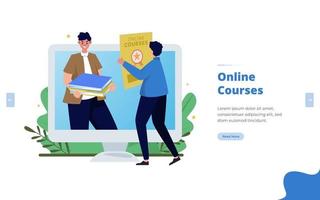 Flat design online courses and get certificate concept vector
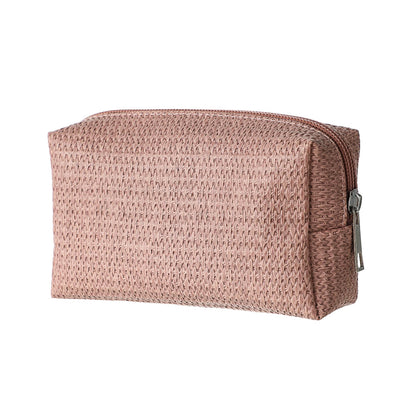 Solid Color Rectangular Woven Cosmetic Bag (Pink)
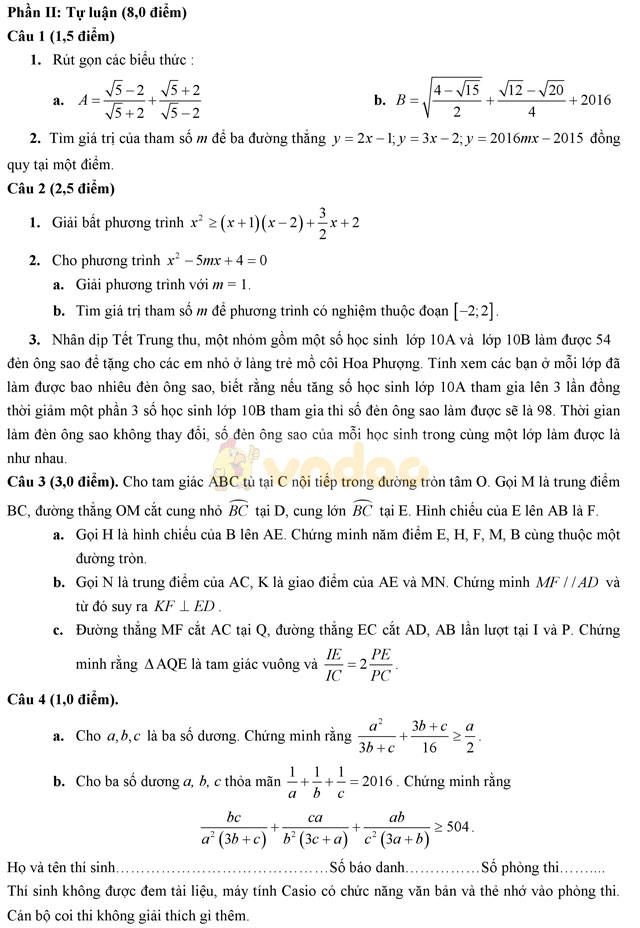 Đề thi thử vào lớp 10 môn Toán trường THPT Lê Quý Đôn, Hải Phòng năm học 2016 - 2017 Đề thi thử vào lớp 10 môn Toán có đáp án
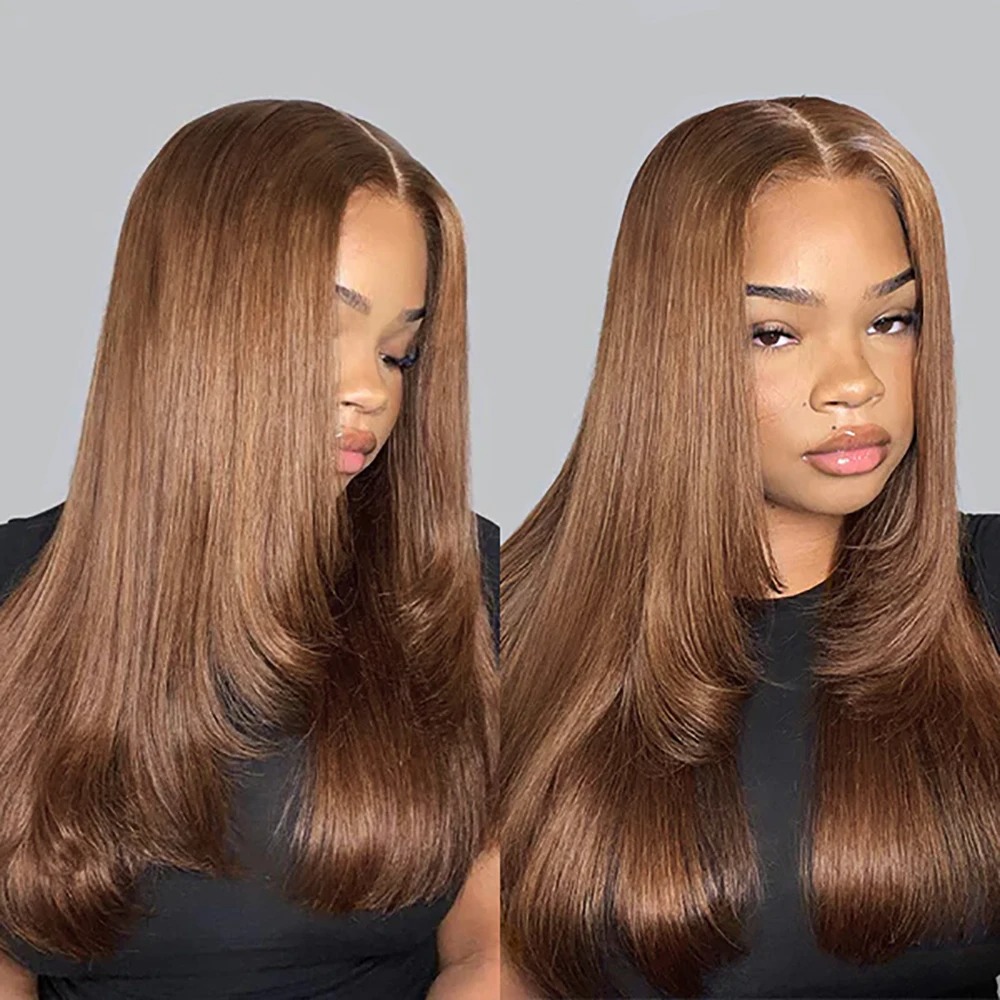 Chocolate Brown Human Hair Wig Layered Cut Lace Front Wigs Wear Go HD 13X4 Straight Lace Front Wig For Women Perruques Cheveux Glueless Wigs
##############################
_Work instructions_.
Please give the data again unaltered, leaving out any images.

_Response box_.
 Flat design online courses and get certificate concept vector
 Solid Color Rectangular Woven Cosmetic Bag (Pink)
 Đề thi thử vào lớp 10 môn Toán trường THPT Lê Quý Đôn, Hải Phòng năm học 2016 - 2017 Đề thi thử vào lớp 10 môn Toán có đáp án
 Chocolate Brown Human Hair Wig Layered Cut Lace Front Wigs Wear Go HD 13X4 Straight Lace Front Wig For Women Perruques Cheveux Glueless Wigs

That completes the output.